The Oslo art hub is one of the earliest examples of Norwegian functionalism, designed in 1930 by architects Blakstad and Munthe-Kaas. The building continues to host some of the city's best contemporary art and can now add Superunion's design to its impressive catalogue. Atelier Felix (opens in new tab) is a flexible extension to the building's existing gallery, designed to accommodate a multitude of activities.
This small but perfectly formed room can be divided into three zones, a reading area, workshop and an exhibition space. A bespoke wall becomes a useful installation of floor-to-ceiling shelving and serves as a blank canvas for artists and the public to display temporary works. Behind, the shelving encloses a more private reading area complete with space-saving window seats.
A spiralling, sheer curtain acts as a flexible room divider and provides the option to separate the workshop area from the rest of the room. This weightless partition creates an intimate space without completely isolating it and still allows natural light to flood through. A wall-length window opens up the room, and peers onto the bustling café below, allowing visitors to soak up the creative energy without any of the disturbances.
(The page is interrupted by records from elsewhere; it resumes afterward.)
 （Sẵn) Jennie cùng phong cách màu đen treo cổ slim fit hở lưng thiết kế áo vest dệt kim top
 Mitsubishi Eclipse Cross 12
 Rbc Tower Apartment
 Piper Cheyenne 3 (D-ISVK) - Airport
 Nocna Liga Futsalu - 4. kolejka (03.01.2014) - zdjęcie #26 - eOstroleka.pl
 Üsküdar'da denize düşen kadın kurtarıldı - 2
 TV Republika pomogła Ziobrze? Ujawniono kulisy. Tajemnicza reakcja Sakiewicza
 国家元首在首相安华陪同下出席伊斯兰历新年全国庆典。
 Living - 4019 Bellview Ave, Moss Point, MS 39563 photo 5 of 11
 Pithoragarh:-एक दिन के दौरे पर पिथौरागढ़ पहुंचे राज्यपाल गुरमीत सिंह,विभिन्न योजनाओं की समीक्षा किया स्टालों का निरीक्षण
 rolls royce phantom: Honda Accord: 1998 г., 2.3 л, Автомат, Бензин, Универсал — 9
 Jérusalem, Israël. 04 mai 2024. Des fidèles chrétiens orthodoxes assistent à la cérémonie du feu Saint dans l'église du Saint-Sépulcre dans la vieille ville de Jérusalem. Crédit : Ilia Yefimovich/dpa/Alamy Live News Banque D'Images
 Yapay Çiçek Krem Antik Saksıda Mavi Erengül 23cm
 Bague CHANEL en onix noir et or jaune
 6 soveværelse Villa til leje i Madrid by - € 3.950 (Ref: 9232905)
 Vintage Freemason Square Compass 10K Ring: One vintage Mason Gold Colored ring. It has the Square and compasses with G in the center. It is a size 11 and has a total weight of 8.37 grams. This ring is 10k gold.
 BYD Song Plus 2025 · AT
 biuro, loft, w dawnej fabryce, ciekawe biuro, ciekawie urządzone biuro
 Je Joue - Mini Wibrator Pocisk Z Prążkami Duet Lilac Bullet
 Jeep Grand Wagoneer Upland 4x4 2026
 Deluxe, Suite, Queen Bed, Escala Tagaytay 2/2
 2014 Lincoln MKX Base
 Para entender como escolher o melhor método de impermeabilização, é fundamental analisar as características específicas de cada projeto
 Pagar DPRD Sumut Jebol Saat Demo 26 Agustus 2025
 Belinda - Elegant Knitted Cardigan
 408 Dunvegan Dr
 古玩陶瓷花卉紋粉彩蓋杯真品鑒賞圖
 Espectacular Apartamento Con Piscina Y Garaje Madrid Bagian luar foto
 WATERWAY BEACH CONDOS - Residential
'We were inspired by the building we worked in,' explains architect Vilhelm Christensen, and so Superunion's main concern throughout the process was to honour the history of the building whilst still creating 'a new space with unique character.' The crisp lines and Scandinavian simplicity of the design mirrors the classical cubic form of the Kunstnernes Hus. The blue wall colour chosen by the architects was also inspired by the functionalist building as 'the colours were sampled from a fresco in the building's foyer.'
Thanks to their light touch and functionalist-inspired approach, Superunion has orchestrated a modern space, befitting its historical host.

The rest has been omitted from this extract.